Ce que j'aimerais, c'est que ce roman soit un tremplin pour aider les victimes de viol à manifester leur colère contre cette injustice. le silence tue, il est temps de parler de cette réalité. Trop de personnes LGBT se suicident à cause de l'homophobie, dont le visage fourbe prend des formes parfois inattendues. Dans un monde régi par l'ultraconsommation, la fête et le plaisir , nous nous bandons les yeux au sujet du viol. Dans une société où l'hypersexualisation des gays est chose courante, mettant en avant des corps forcément jeunes, musclés, sexy, nous dénaturons la beauté , la sensibilité de l'homosexualité et de la transidentité en faisant des LGBT... des objets. Or, être gay, c'est avant tout être Humain. Tel est le message de mon roman, qui a reçu le prix du roman gay 2022, dans la catégorie érotique, grâce à son engagement social, destiné principalement à la jeune génération.

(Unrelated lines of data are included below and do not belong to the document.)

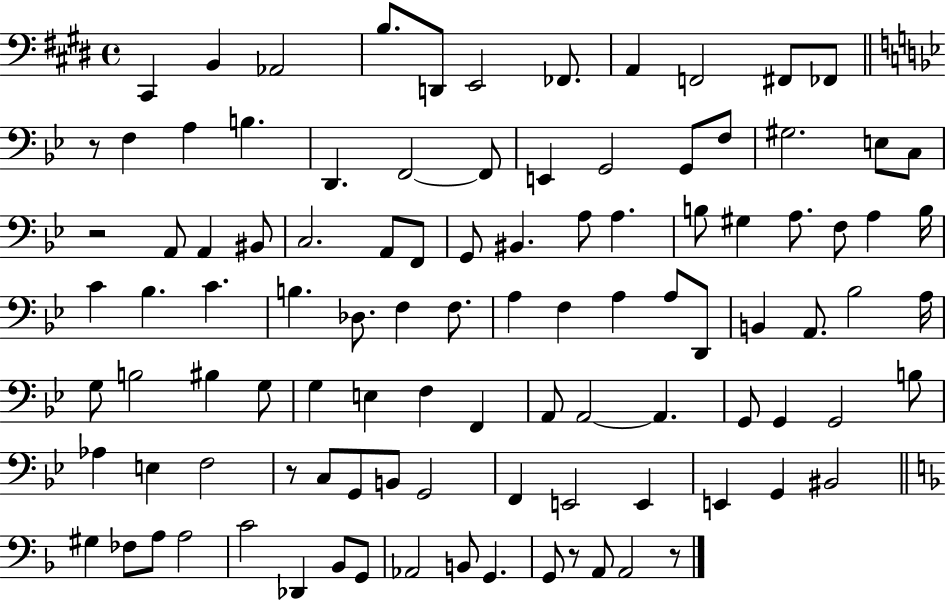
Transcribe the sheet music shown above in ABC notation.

X:1
T:Untitled
M:4/4
L:1/4
K:E
^C,, B,, _A,,2 B,/2 D,,/2 E,,2 _F,,/2 A,, F,,2 ^F,,/2 _F,,/2 z/2 F, A, B, D,, F,,2 F,,/2 E,, G,,2 G,,/2 F,/2 ^G,2 E,/2 C,/2 z2 A,,/2 A,, ^B,,/2 C,2 A,,/2 F,,/2 G,,/2 ^B,, A,/2 A, B,/2 ^G, A,/2 F,/2 A, B,/4 C _B, C B, _D,/2 F, F,/2 A, F, A, A,/2 D,,/2 B,, A,,/2 _B,2 A,/4 G,/2 B,2 ^B, G,/2 G, E, F, F,, A,,/2 A,,2 A,, G,,/2 G,, G,,2 B,/2 _A, E, F,2 z/2 C,/2 G,,/2 B,,/2 G,,2 F,, E,,2 E,, E,, G,, ^B,,2 ^G, _F,/2 A,/2 A,2 C2 _D,, _B,,/2 G,,/2 _A,,2 B,,/2 G,, G,,/2 z/2 A,,/2 A,,2 z/2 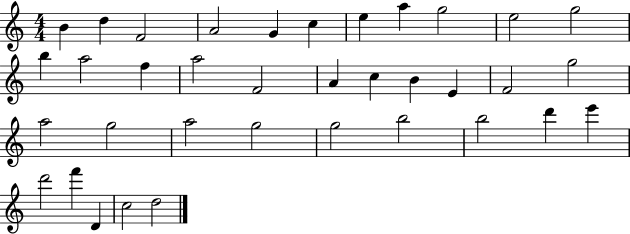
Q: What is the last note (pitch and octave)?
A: D5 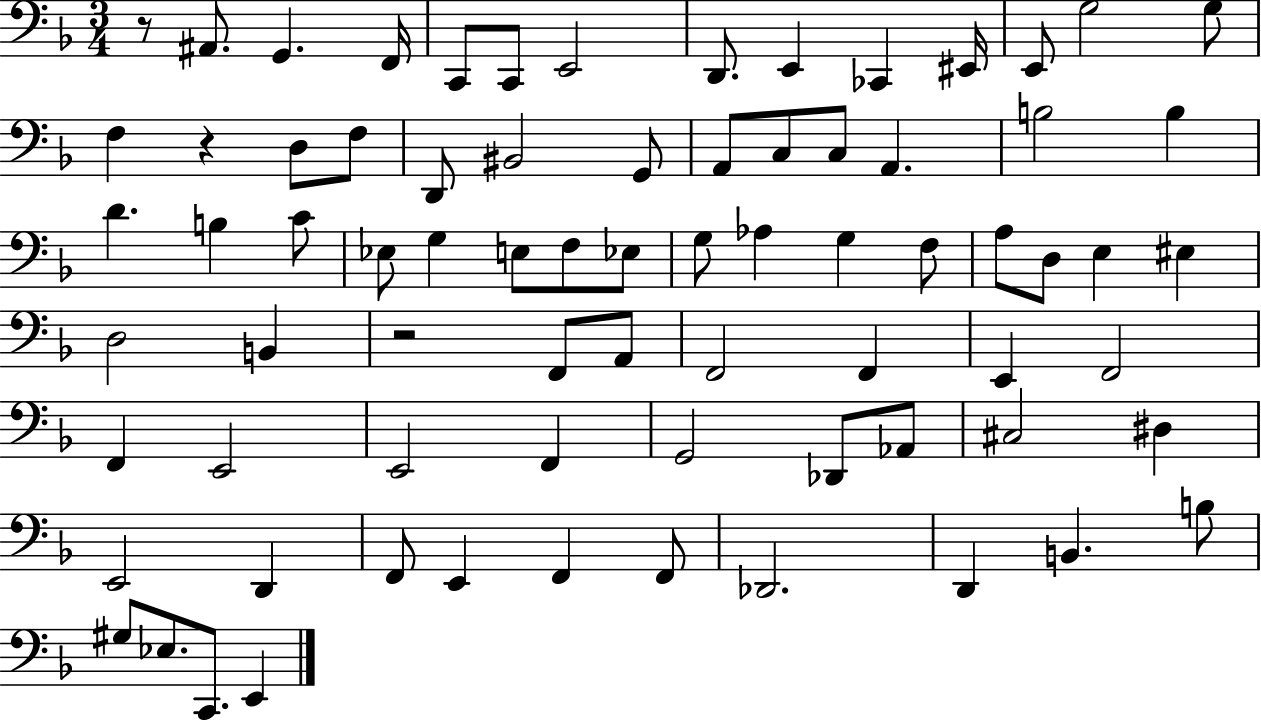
R/e A#2/e. G2/q. F2/s C2/e C2/e E2/h D2/e. E2/q CES2/q EIS2/s E2/e G3/h G3/e F3/q R/q D3/e F3/e D2/e BIS2/h G2/e A2/e C3/e C3/e A2/q. B3/h B3/q D4/q. B3/q C4/e Eb3/e G3/q E3/e F3/e Eb3/e G3/e Ab3/q G3/q F3/e A3/e D3/e E3/q EIS3/q D3/h B2/q R/h F2/e A2/e F2/h F2/q E2/q F2/h F2/q E2/h E2/h F2/q G2/h Db2/e Ab2/e C#3/h D#3/q E2/h D2/q F2/e E2/q F2/q F2/e Db2/h. D2/q B2/q. B3/e G#3/e Eb3/e. C2/e. E2/q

Aborder le thème du viol d'homme dans la communauté LGBT était risqué. Or, si le jury a aimé, c'est que notre société est
plus ouverte qu'auparavant pour parler de ce sujet si douloureux. J'ai placé mon récit il y a 20 ans pour mieux saisir l'embarras de l'indifférence à laquelle nous nous heurtions à cette époque quand nous parlions du viol d'homme gay.Notre société ne ferme plus les yeux sur ce problème réel et accorde la reconnaissance tant espérée à ceux dont le corps fut volé, bafoué, humilié. Enfin.